───── ENTRIES SUPPLIED

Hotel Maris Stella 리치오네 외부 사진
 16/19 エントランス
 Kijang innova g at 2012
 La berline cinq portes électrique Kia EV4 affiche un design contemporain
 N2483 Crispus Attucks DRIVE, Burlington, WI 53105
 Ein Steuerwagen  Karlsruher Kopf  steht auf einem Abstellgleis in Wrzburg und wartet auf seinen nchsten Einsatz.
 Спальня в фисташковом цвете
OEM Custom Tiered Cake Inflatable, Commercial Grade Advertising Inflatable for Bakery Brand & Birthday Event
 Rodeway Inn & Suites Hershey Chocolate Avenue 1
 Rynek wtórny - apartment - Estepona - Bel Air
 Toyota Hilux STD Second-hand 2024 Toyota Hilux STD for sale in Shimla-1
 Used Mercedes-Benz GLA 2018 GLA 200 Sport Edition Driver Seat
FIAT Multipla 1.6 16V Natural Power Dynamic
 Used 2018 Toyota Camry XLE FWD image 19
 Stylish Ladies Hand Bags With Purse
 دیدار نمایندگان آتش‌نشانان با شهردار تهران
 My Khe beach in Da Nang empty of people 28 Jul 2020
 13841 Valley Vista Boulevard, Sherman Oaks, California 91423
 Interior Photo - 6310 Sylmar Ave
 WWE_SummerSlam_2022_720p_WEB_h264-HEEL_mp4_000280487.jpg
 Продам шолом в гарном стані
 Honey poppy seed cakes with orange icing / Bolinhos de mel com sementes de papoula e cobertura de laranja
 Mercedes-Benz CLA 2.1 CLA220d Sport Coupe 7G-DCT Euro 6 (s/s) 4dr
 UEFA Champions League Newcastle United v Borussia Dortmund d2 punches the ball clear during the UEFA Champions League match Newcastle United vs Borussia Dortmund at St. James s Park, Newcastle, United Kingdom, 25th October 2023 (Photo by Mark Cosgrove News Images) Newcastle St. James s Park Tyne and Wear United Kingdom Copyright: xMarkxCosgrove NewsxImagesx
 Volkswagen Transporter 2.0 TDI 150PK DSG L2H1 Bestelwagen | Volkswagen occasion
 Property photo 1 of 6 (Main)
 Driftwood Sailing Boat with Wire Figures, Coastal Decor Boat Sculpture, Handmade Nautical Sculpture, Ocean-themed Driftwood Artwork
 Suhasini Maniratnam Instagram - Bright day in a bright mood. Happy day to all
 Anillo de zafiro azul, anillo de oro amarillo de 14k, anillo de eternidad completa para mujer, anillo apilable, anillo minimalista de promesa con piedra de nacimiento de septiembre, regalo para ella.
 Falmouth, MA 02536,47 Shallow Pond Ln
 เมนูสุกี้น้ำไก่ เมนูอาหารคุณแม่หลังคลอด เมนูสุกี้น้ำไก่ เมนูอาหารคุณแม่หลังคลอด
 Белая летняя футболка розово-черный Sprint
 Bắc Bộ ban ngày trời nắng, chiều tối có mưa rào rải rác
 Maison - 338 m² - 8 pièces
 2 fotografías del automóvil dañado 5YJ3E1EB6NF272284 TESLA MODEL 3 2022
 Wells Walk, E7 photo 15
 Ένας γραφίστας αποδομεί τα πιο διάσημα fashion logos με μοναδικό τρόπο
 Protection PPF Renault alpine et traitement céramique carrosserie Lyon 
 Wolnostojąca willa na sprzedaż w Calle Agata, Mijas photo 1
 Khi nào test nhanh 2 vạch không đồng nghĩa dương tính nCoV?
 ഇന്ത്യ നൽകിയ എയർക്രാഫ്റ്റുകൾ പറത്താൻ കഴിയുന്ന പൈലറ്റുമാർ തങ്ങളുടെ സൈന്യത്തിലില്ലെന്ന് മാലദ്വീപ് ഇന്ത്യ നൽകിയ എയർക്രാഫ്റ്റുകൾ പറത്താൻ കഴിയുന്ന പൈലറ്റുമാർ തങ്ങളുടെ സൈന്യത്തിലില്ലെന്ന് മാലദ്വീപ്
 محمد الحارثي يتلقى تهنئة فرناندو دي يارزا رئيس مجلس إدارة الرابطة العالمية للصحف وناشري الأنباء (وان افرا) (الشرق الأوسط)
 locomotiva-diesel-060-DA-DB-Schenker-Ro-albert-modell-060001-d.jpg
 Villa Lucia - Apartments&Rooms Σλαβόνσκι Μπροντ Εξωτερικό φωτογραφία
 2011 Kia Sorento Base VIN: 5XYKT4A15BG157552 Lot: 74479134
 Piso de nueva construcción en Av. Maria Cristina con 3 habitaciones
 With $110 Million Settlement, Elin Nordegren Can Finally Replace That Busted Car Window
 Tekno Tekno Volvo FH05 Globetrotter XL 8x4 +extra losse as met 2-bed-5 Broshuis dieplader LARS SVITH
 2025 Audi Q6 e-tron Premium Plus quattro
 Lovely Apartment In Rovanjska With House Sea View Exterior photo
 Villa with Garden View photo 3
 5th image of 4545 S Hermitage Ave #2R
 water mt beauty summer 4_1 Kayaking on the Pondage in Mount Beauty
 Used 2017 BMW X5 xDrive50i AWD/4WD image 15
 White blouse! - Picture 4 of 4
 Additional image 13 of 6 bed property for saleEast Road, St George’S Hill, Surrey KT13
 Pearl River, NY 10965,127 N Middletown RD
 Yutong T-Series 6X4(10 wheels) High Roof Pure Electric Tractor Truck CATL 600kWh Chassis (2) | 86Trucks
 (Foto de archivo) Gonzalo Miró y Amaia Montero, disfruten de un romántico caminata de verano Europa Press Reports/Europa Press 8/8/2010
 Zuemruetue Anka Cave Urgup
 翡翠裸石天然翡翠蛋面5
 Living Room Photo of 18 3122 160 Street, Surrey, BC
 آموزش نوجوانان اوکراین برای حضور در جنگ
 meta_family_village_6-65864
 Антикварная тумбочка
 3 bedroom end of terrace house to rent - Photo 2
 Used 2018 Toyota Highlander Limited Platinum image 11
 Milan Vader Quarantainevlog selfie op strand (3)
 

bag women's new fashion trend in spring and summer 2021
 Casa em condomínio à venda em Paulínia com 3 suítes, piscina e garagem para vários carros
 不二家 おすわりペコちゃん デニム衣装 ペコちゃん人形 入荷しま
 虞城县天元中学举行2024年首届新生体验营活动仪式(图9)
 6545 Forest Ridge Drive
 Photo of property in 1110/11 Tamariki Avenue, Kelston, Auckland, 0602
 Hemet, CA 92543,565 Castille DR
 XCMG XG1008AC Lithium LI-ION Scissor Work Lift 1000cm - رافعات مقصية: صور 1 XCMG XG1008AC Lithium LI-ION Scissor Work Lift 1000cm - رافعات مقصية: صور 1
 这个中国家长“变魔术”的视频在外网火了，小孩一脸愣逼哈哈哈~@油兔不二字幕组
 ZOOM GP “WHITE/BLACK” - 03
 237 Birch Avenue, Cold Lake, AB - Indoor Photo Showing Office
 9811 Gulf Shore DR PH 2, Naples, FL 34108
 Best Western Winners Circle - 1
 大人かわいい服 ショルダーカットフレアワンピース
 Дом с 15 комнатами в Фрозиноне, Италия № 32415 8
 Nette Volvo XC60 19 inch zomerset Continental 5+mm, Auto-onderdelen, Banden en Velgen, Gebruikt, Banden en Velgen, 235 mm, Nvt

──────────

WHAT THE TASK ASKS:
From the entries, report each line that includes the word "Surrey".

ANSWER BELOW:
 Additional image 13 of 6 bed property for saleEast Road, St George’S Hill, Surrey KT13
 Living Room Photo of 18 3122 160 Street, Surrey, BC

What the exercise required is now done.